## Supplied data
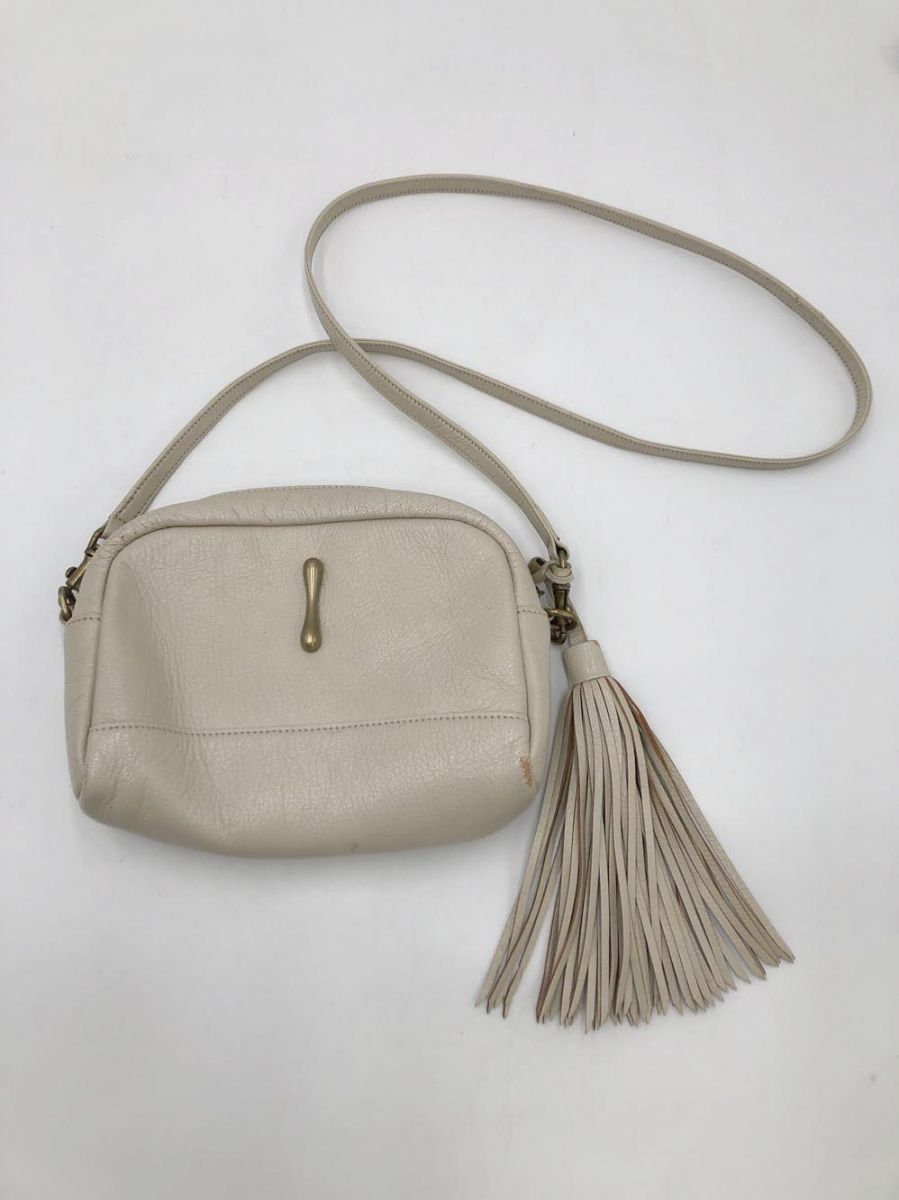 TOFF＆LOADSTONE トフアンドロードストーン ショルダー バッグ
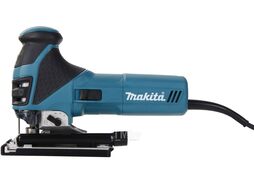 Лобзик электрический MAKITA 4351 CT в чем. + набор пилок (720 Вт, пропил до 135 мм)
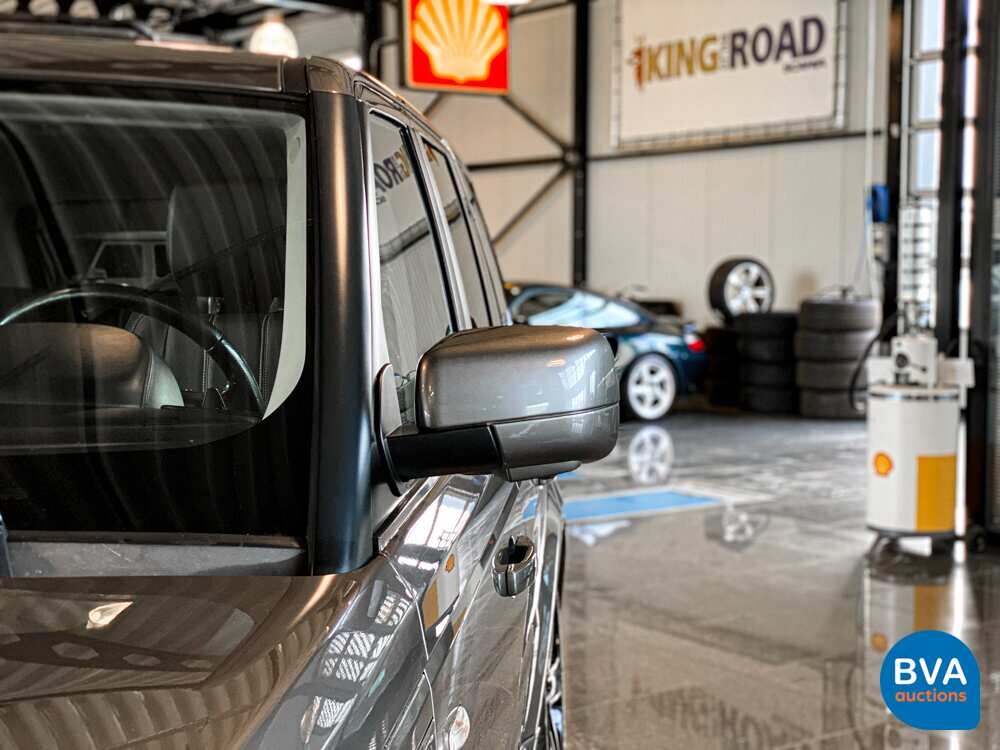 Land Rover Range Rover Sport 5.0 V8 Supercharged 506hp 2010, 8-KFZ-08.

## Description of the task
Would you write out the data exactly, with no pictures in the copy?

## Result
 TOFF＆LOADSTONE トフアンドロードストーン ショルダー バッグ
 Лобзик электрический MAKITA 4351 CT в чем. + набор пилок (720 Вт, пропил до 135 мм)
 Land Rover Range Rover Sport 5.0 V8 Supercharged 506hp 2010, 8-KFZ-08.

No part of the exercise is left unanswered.